At a recent Quaker Meeting, a new version of Our Father was introduced from from the New Zealand Anglican Prayer Book. Adding women and nature into the mix, however, expands a succinct 11 lines into 15 lines: that difference is greater counting words that jumping 2½ times from 55 to 132; not only that but poets like me will notice to tight metrics on the original vs. the expanse on the derivative. What I’m trying to say is, will the expansive rewrite replace the tight original?

Another case in point is the Hail Mary, even more compact at 7 lines & 42 words. Did you know that was the result of a very long process of making it memorisable for recital in the Rosary? The first written Hungarian text, O Magyar (Old Hungarian) Lamentation of Mary was the transcription of a Latin sequence (sung poem) depicting Mary at the Calvary. Informal discussions among linguists at a Zolnai Bela conference suggested that prayers were distillations into compact memorisable form or previous longer text: might that Lament been an distant parent of the Hail Mary?

By distant I mean unrecognisably so: The same Zolnai Bela suggested the link between Finnish and Hungarian — basically common roots for words relating to the earlier nomadism, then separate roots for words to do with fishing by Finns near Baltic Sea vs. pastoral Hungarians in Pannonian Basin, after their migrations separated — but this goes back into the language development roots… but Finns won’t understand Hungarians and vice-versa!

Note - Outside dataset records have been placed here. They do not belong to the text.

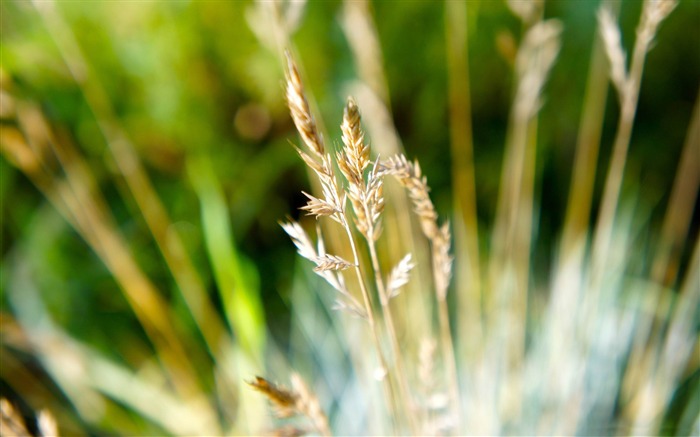 dry grass-Macro photography wallpaper Views:10109 Date:2012/7/18 14:56:21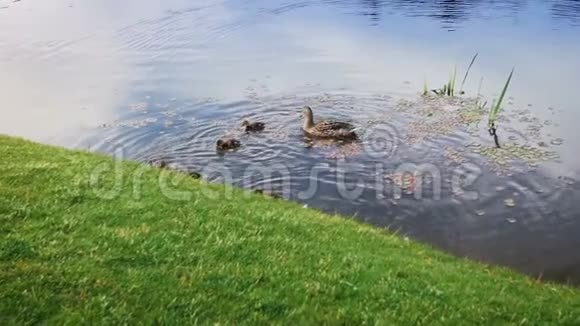 鸭群在池塘游泳的慢镜头视频的预览图
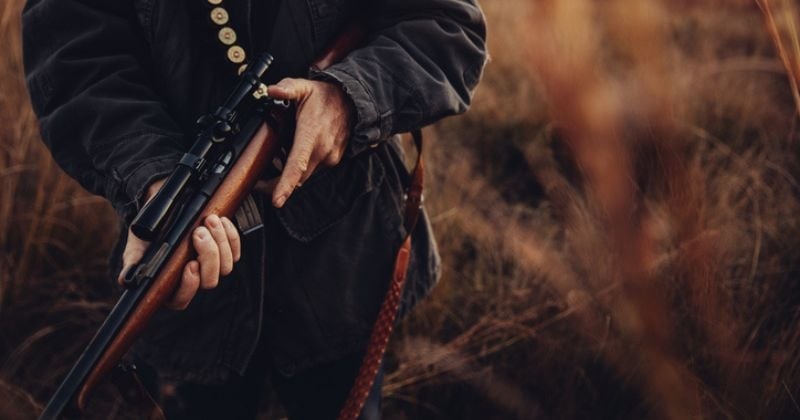 Un chasseur abat un berger allemand et dit l'avoir confondu avec un sanglier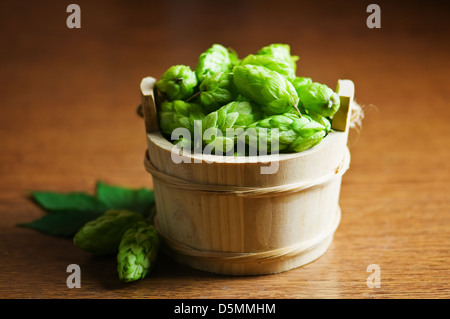 Hop-on-Holzfaß closeup Stockfoto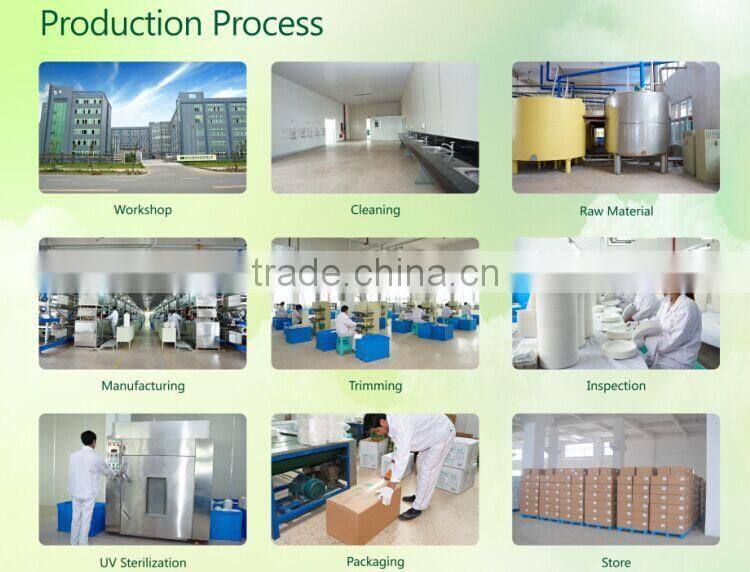 Christmas dinner paper tableware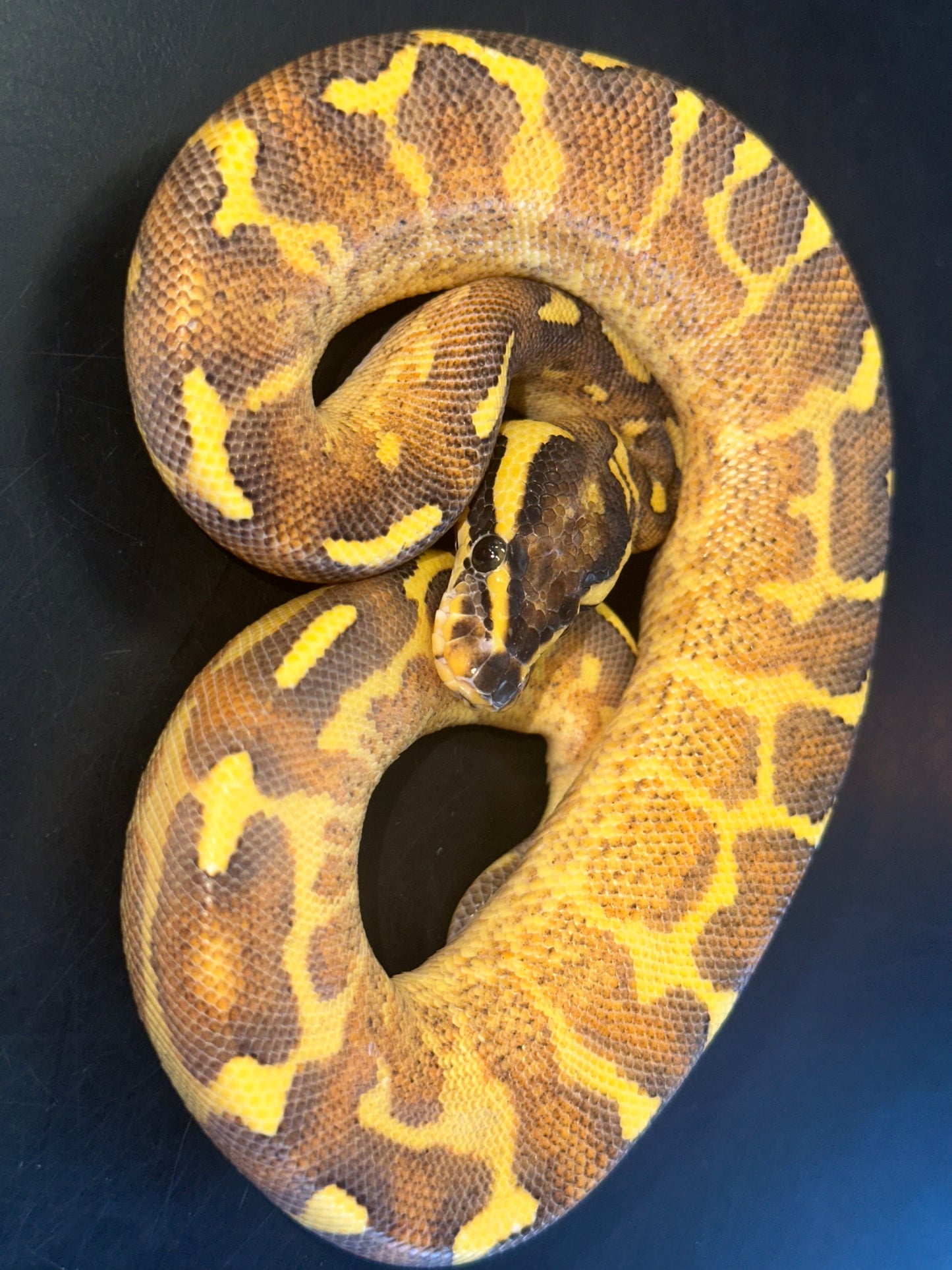 Enchi Freeway Ball Python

Another example comes from my year in Kuwait, where a blogpost on Languages and Mores contrasted earlier merit-based with later Common Law based practices. To further elaborate, Islam which codifies social pratices and law as well as relgion, developed since rougly 600AD on a separate path from Europe, where Common Law, Democracy and the Industrial Revolution developed since roughly the end of the Roman Empire.

Did you know that the begining of Islam and the end of the Roman Empire are just over a century apart, 135 years to be precise? Respectively 610 for Mohammad (Wikipedia) and 475 for Roman abdication (Wikipedia).

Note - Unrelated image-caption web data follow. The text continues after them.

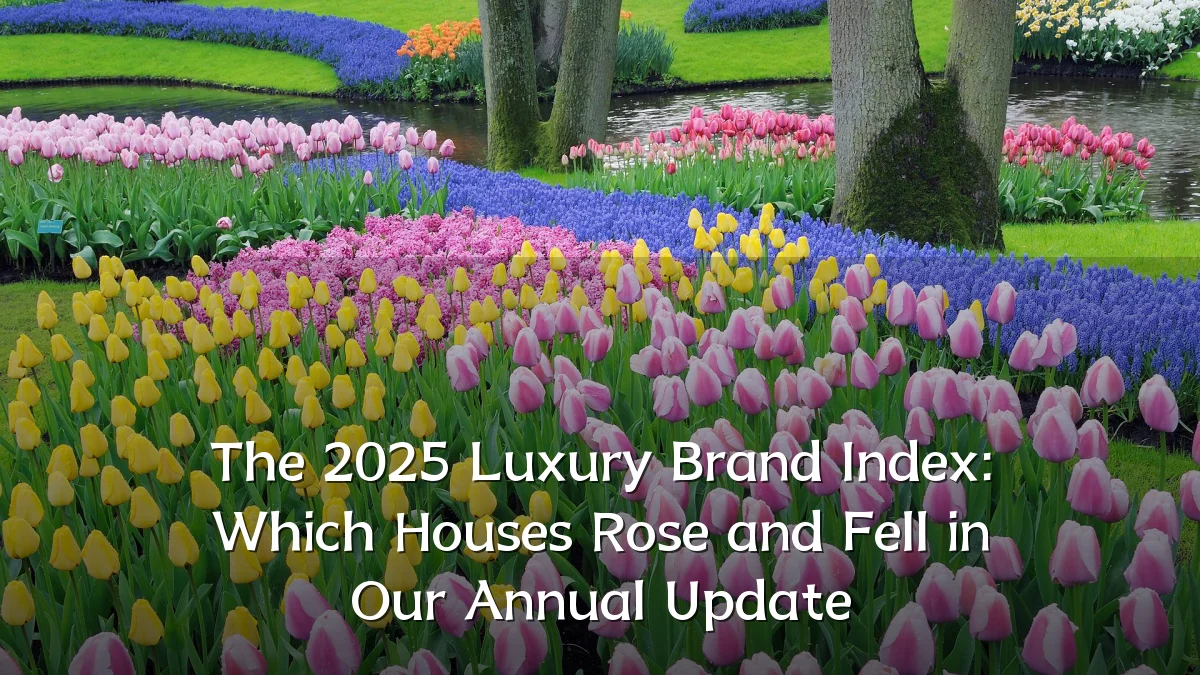 The 2025 Luxury Brand Index: Which Houses Rose and Fell in Our Annual Update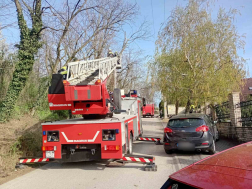 A kidőlt fák forgalmi akadályt okoztak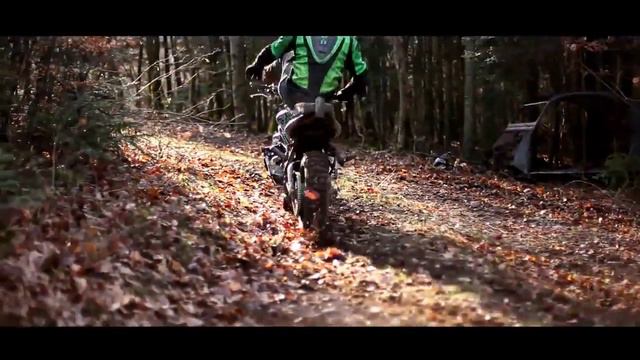 На спортаче в лесу 720p смотреть онлайн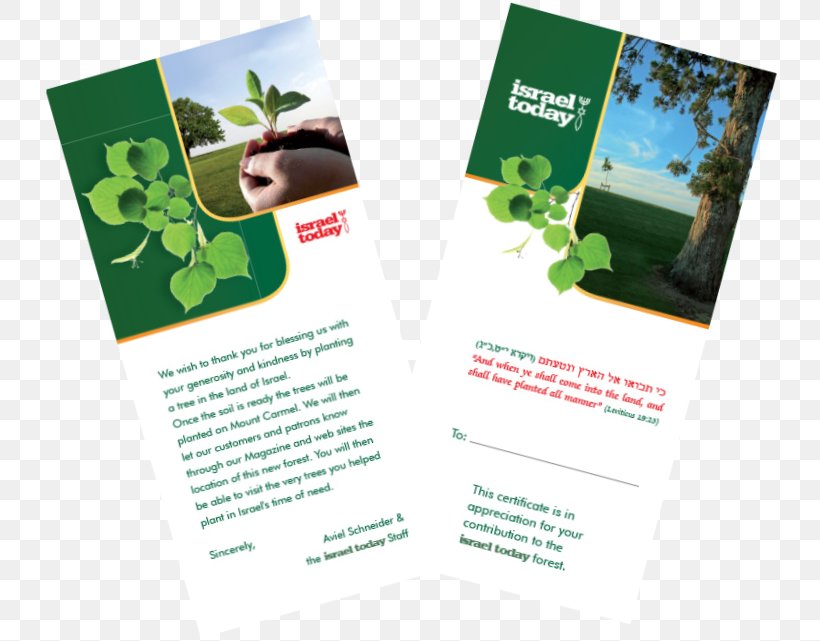 Advertising Product Design Brand, PNG, 734x641px, Advertising, Brand, Brochure, Green Download Free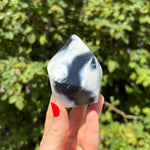 Orca Agate Flame D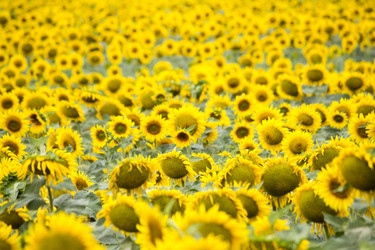 Similar image 13293970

The Gulf region was basically trading between W Asia and the Mediterranean, pearl-fishing locally and timber trading down the E African and W Indian coasts (see §5 in my Kuwaiti blog) until the oil boom hit starting early 20th century (1908 in fact, British Library). That is when the global geopolitics really kicked into gear, with the colonial division between the British and the French during WWI (Wikipedia) and the birth of Arab states at the outset of WWI (end §3 in my Kuwaiti blog). In other words, the Gulf region had a scant century to aborb 1500 years of development in Europe: the millennial-and-a-half distillation of socio-historic processes can simply not be compressed into a century… no wonder importing democracy into the Middle-East has largely been a failure!

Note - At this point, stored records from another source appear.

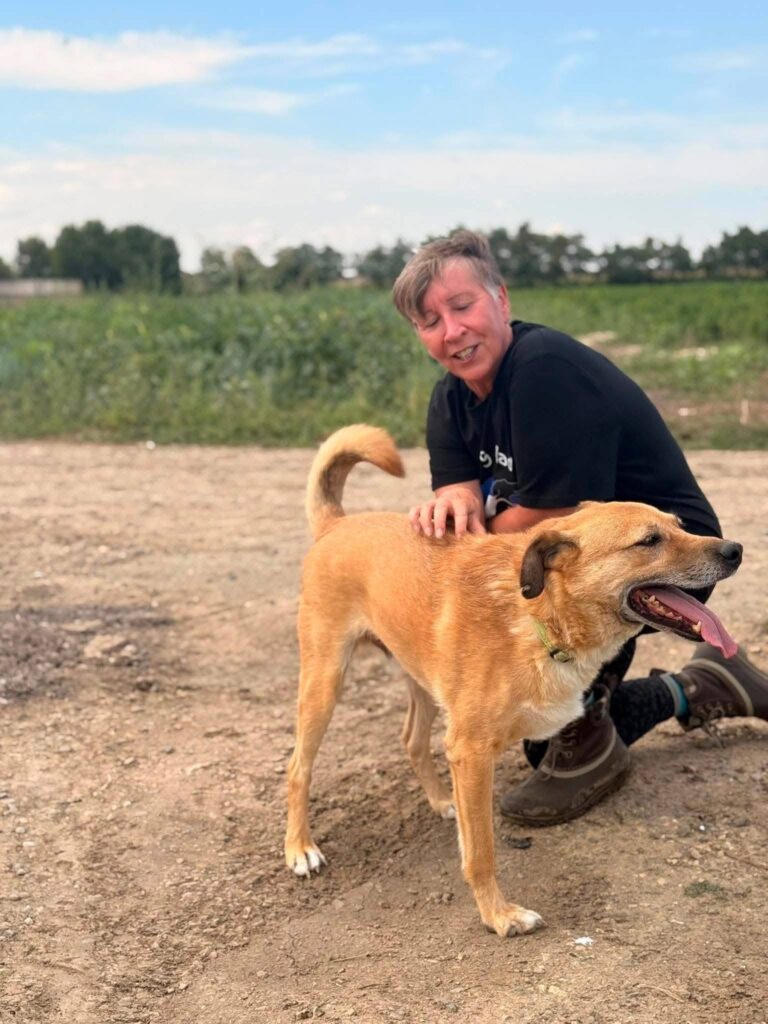 Img 4704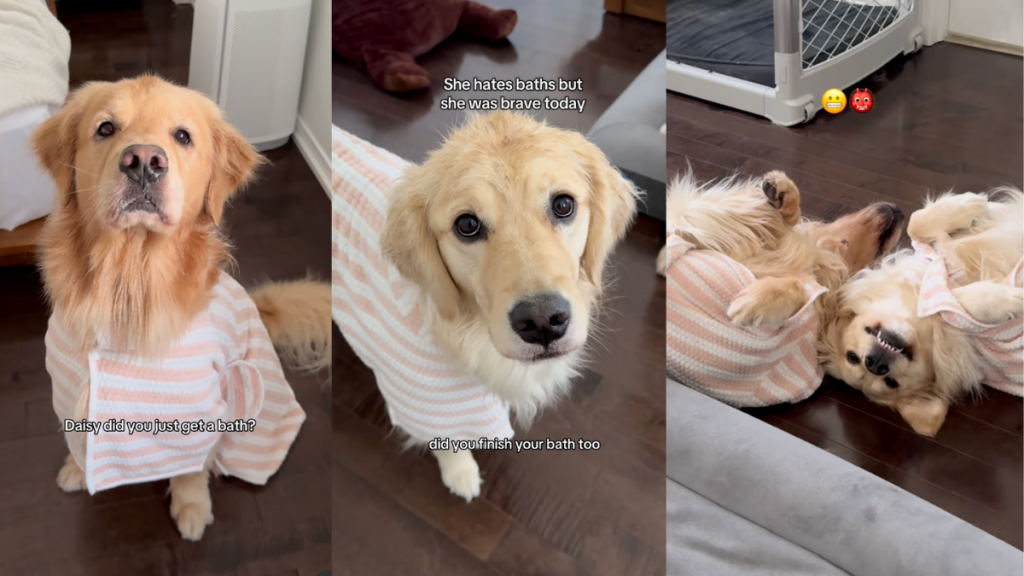 Dogs showing off their bathrobes.
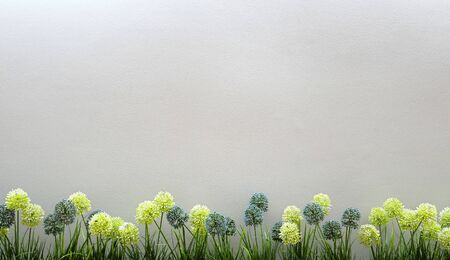 Spring flowers border with copy space on concrete wall background. Springtime holidays.の写真素材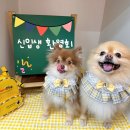 라포독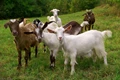 Want to Become A Successful Goat Farmer? Here are the Excellent Tips, Benefits of Rearing Goats & Making Maximum Profit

All this is to say that customs and religion are long-term distillations of practices and faith over millennia. And while they’re not perfect by any means, are a few centuries of scientific discoveries that eclipsed religion going to improve customs developed over millennia? Quite the contrary… we cannot even tackle the current climate emergency with all the facts to hand… but none of the political will to do so! I argued in previous posts indexed at the top, that science in not enough, faith is needed in addition, and the two are not incompatible.